### PROBLEM DETAILS
Which lines run from the one containing "Watercolor Dia De" through the last line of the records? Copy them exactly, leaving pictures out.

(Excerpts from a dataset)
+ + +

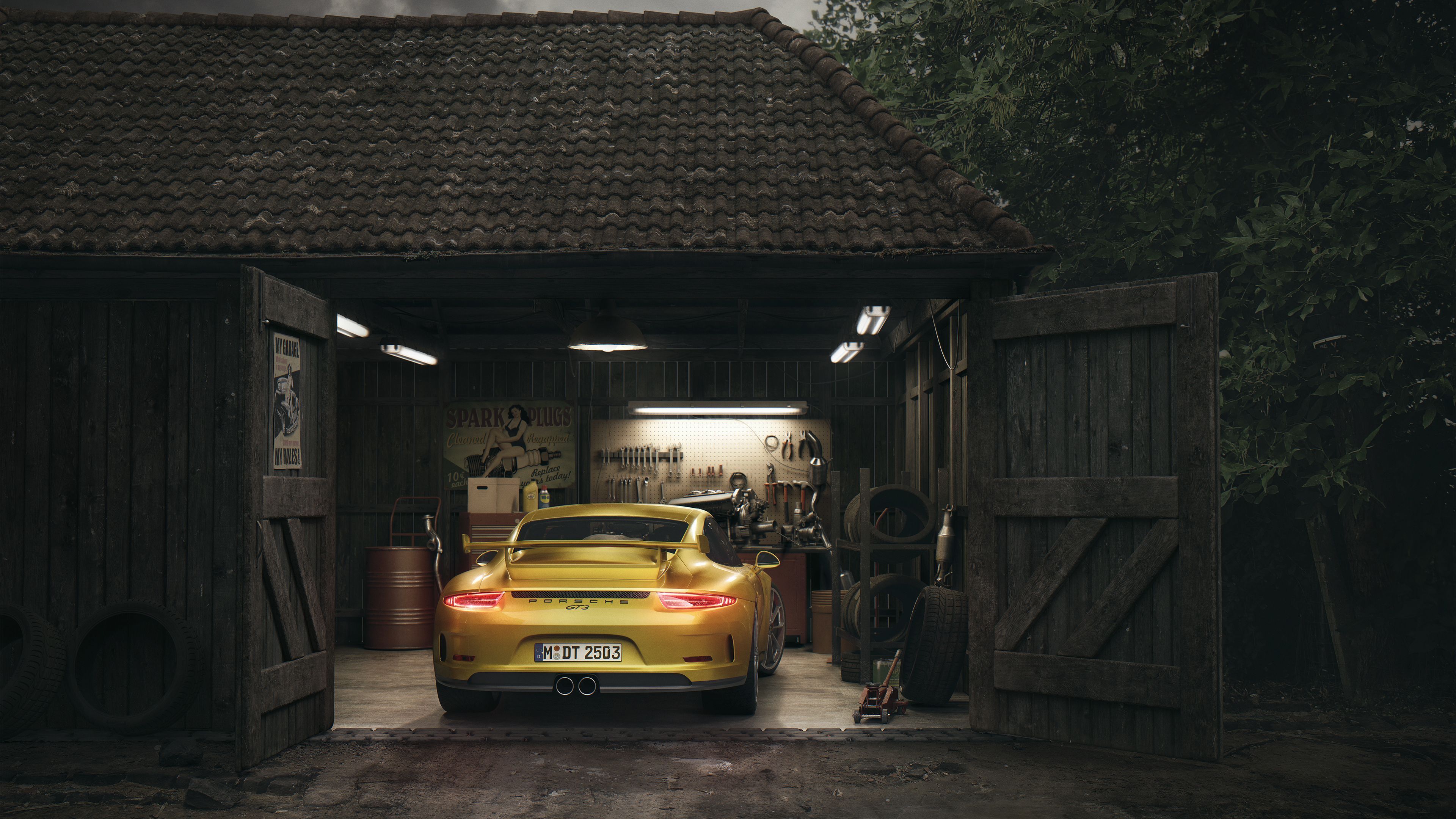 3840x2160 Garage 4k Wallpaper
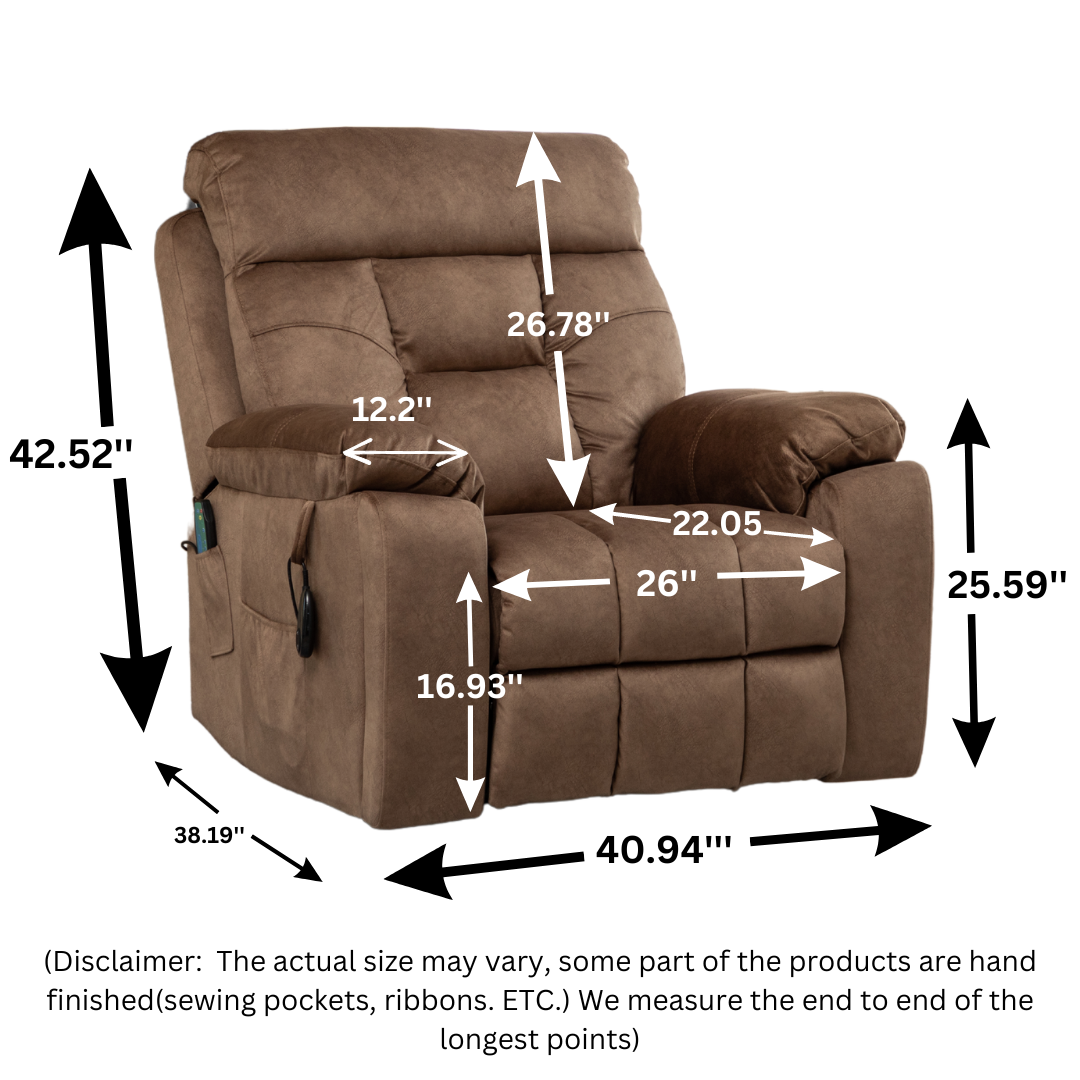 Castle Lift Chair, 26 Inch Extra Wide Seat, Brown (Free 2 Years Warranty)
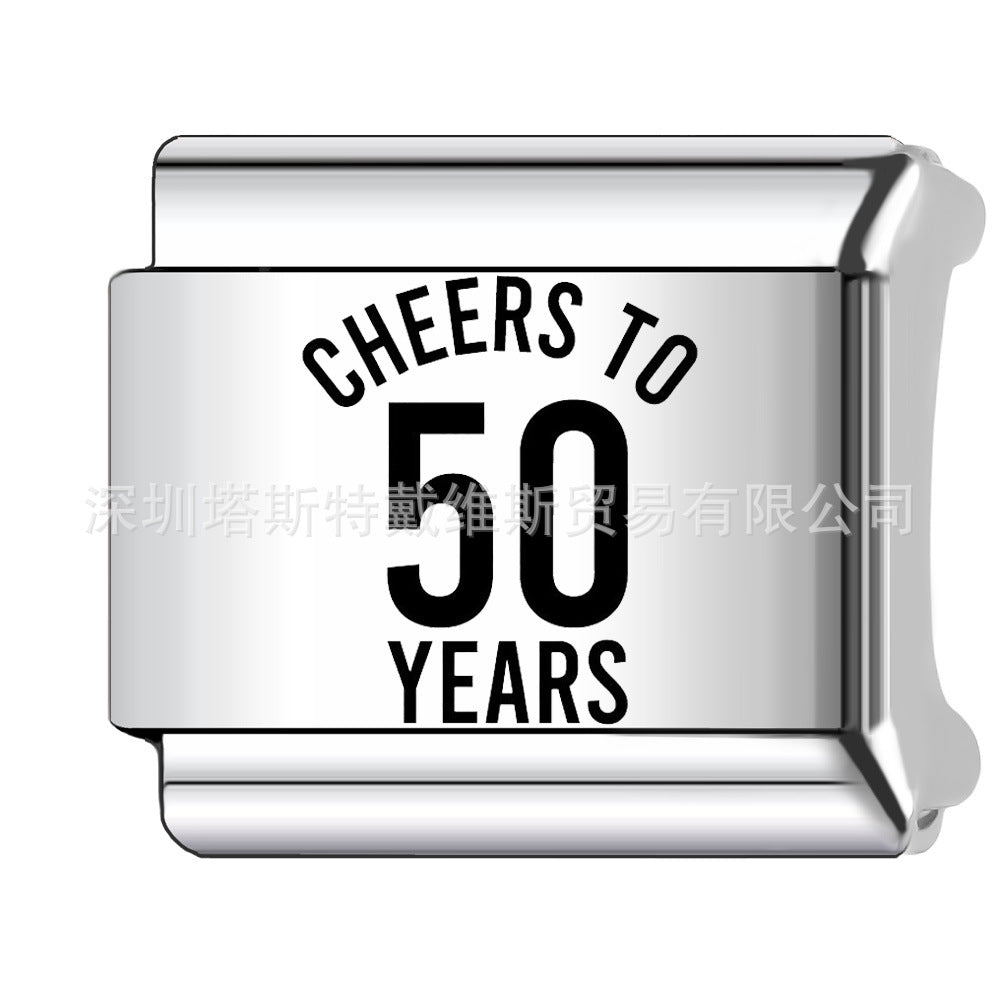 Wholesale 9mm Italian Charm Starter Bracelets DIY square Single Section Creative Stainless Steel Composable Bracelet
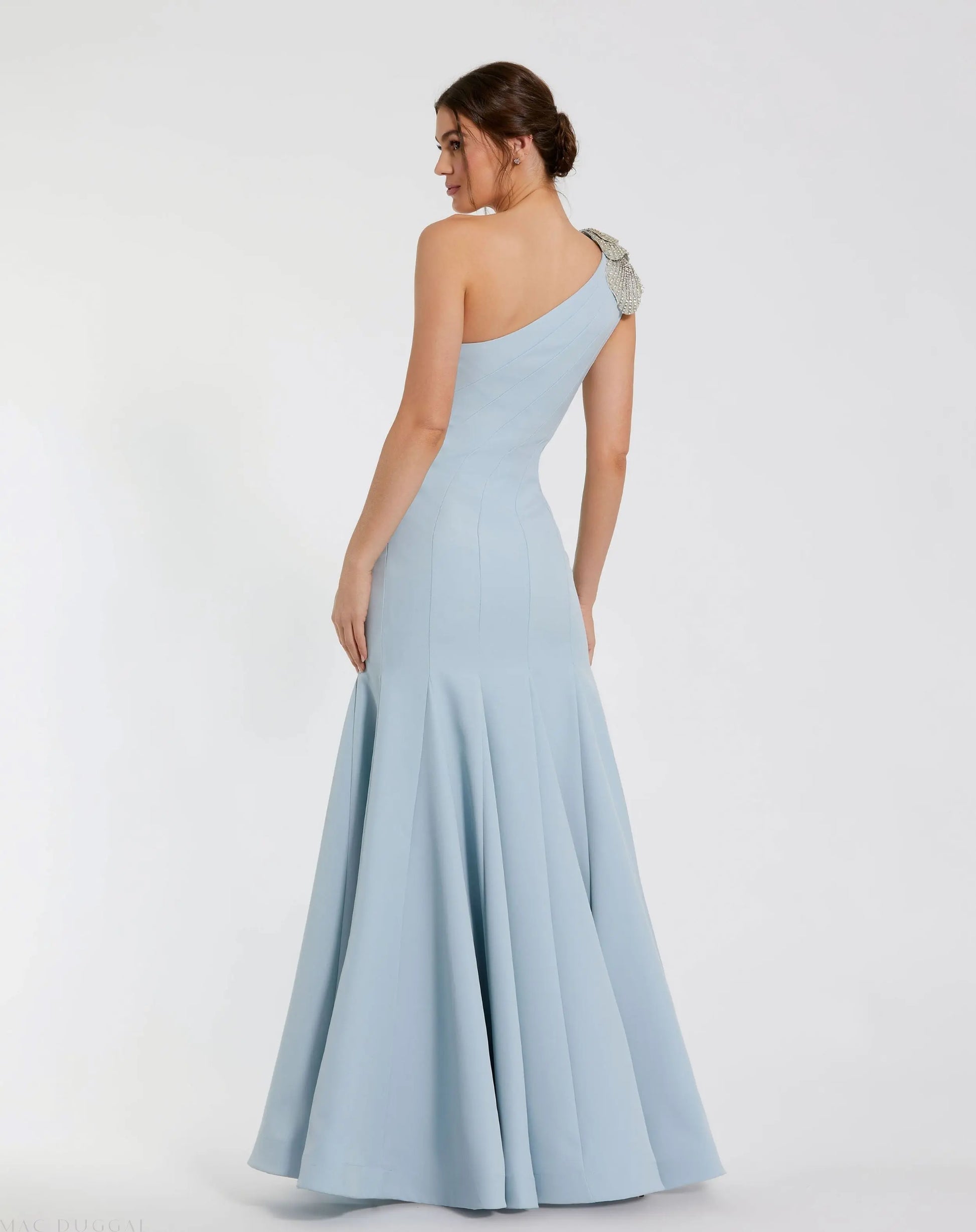 Blue Crepe One Shoulder Gown With Crystal Flower | Mac Duggal Blue Crepe One Shoulder Gown With Crystal Flower | Mac Duggal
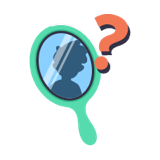 Illustration of a mirror with a shadow and question mark Illustration of a mirror with a shadow and question mark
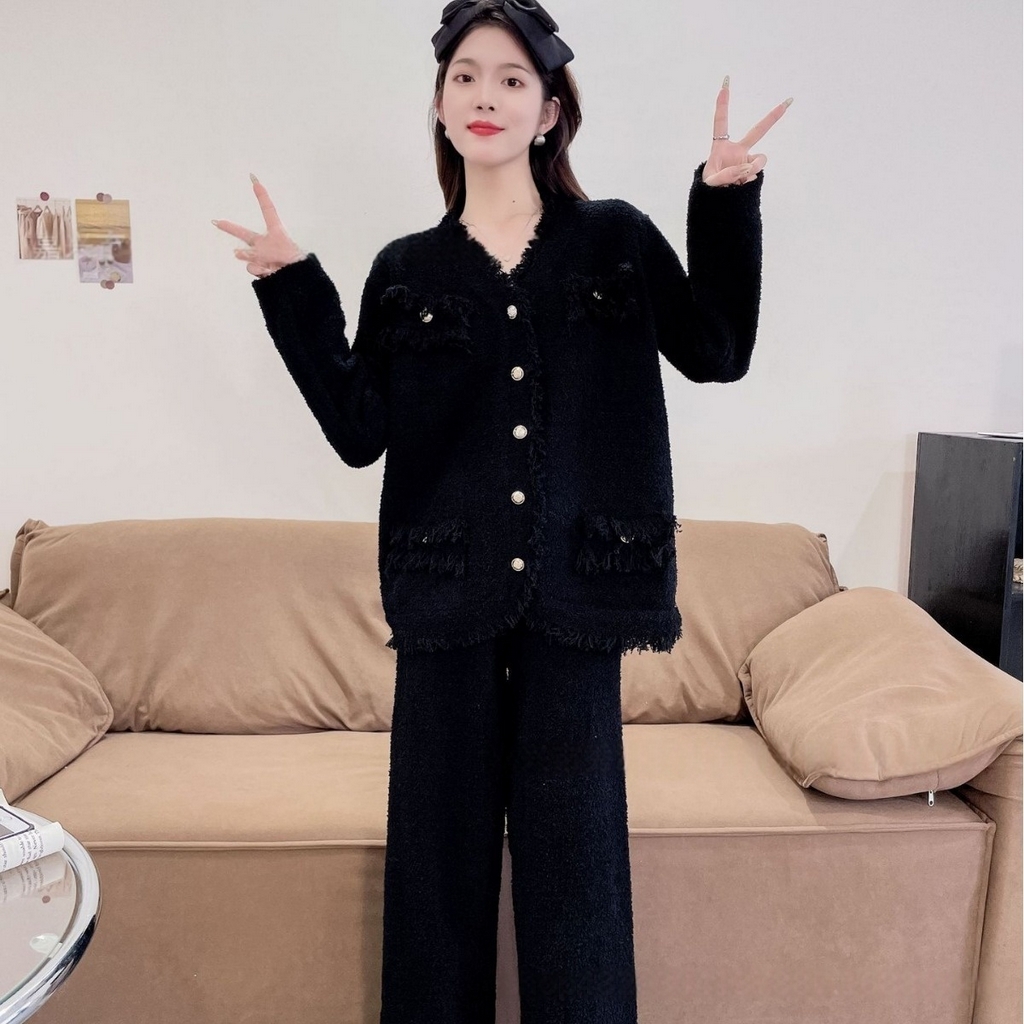 91家纺网 家纺一手货源 找家纺 洛兰沙家居馆 2025新款半边绒睡衣女高级感开衫直筒裤家居服加厚可外穿百搭睡衣家居服 半边绒29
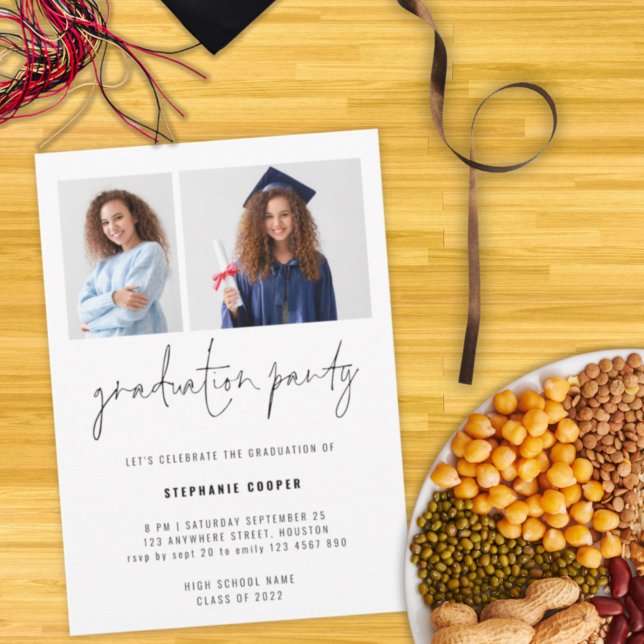 Minimalist 2 Photo Script 2022 Graduation Party Invitation (Creator Uploaded)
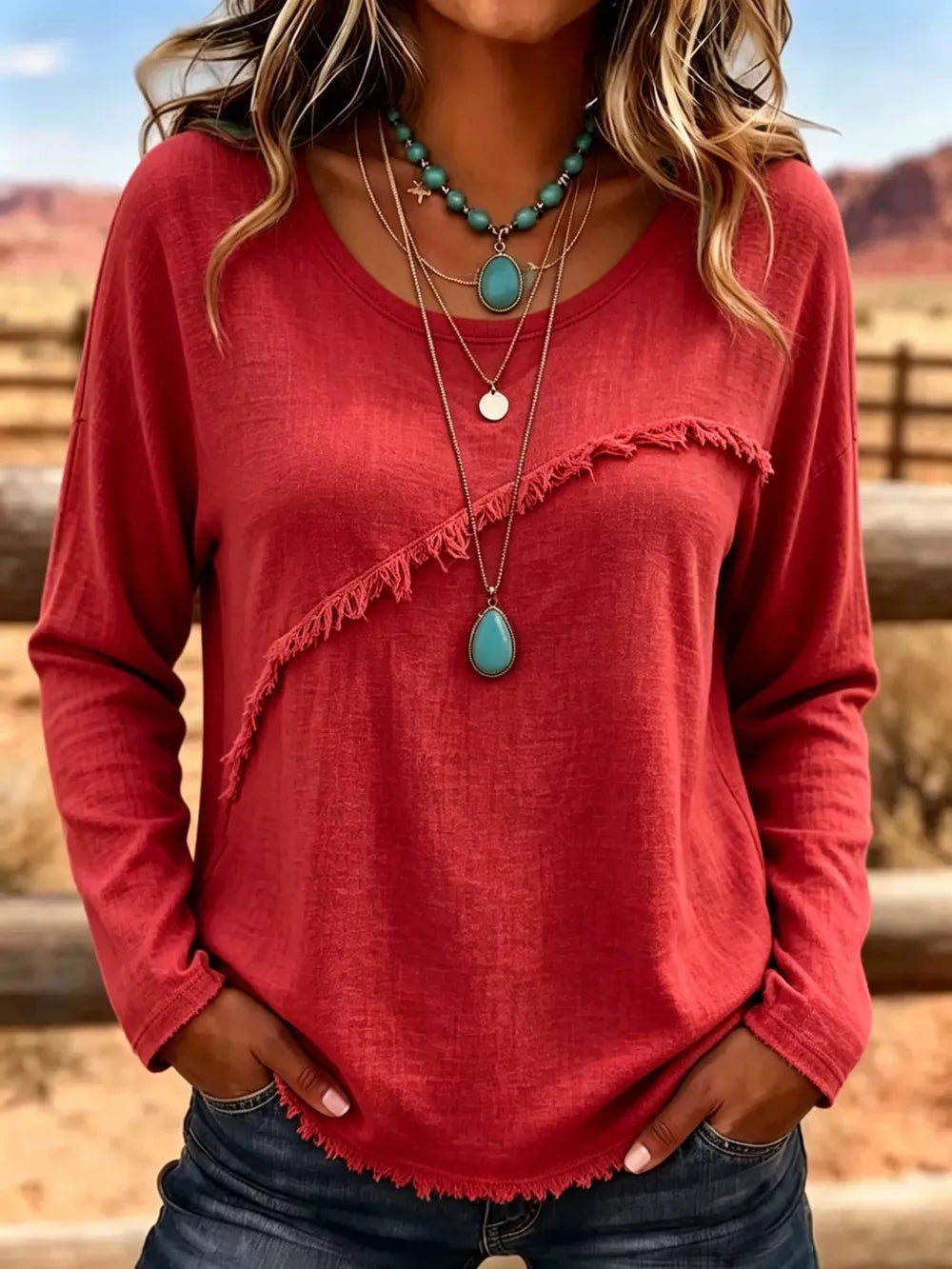Full Size Fringe Detail Long Sleeve T-shirt Plus Size in Orange, close-up detail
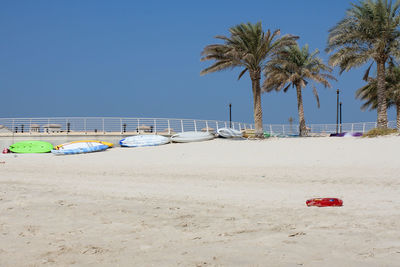 Scenic view of beach against clear sky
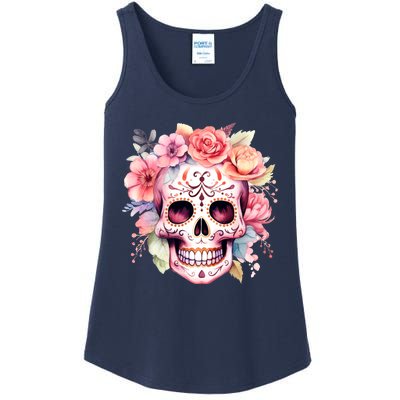 Watercolor Dia De Los Muertos Day Of The Dead Sugar Skull Ladies Essential Tank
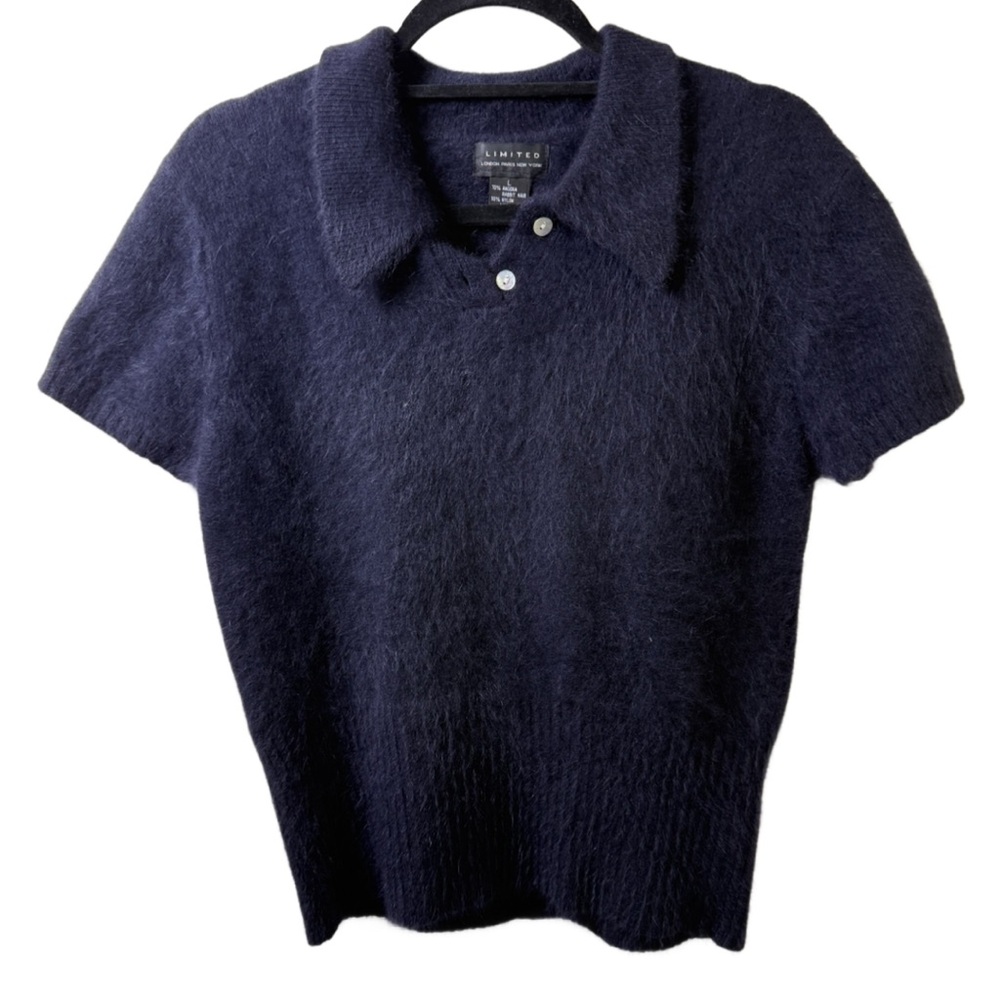 The Limited Navy Blue Fuzzy V-Neck Short Sleeve Sweater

+ + +

### SOLUTION FOR THIS TASK
 Watercolor Dia De Los Muertos Day Of The Dead Sugar Skull Ladies Essential Tank
 The Limited Navy Blue Fuzzy V-Neck Short Sleeve Sweater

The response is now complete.